Elena Shaura

STATEMENT
My work is organized around three recurring structures: the manuscript, the city and the mechanism. The first began with a novel. Over time I became interested in what happens when a text can no longer remain inside a book. Rather than illustrating literature, I follow the movement of a manuscript into other forms. In Journey of the Manuscript, books become objects, projections, trajectories and environments. In Bodies for the Text, language appears on bodies, skins and surfaces, searching for new carriers beyond the page. In Unsheltered, a book is exposed to weather, allowing wind, rain, sunlight and time to act upon the text beyond the control of its author.
The second line of work emerged from architecture, construction and the hidden infrastructures that sustain cities. This experience continues to shape projects such as Hidden Systems, Urban Bodies, Architecture of Care, Bathyscape, Mapped Bodies and Paris. These works are concerned with what normally remains concealed: communication networks, drainage systems, maps, structural supports and the organizational frameworks that make urban life possible. Here, cities gradually acquire bodily qualities and bodies begin to resemble infrastructure.
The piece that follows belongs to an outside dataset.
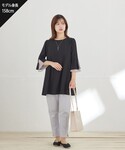 ブラウス シャツ シフォンフレア袖チュニックブ...の詳細画像3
A third line of work examines the relationship between gesture and mechanism. In Pendulum Brush, the act of painting is transferred from the hand to a pendulum system. Images emerge through oscillation, gravity and duration rather than direct control. In USBrush, the brush itself becomes a sculptural object and a symbol of agency, action and authorship. Across all of these projects I return to the same question: what happens when a structure exceeds its original function? A manuscript becomes architecture. A city becomes a body. A machine begins to paint. My work follows these transformations and the unstable territories that emerge between categories.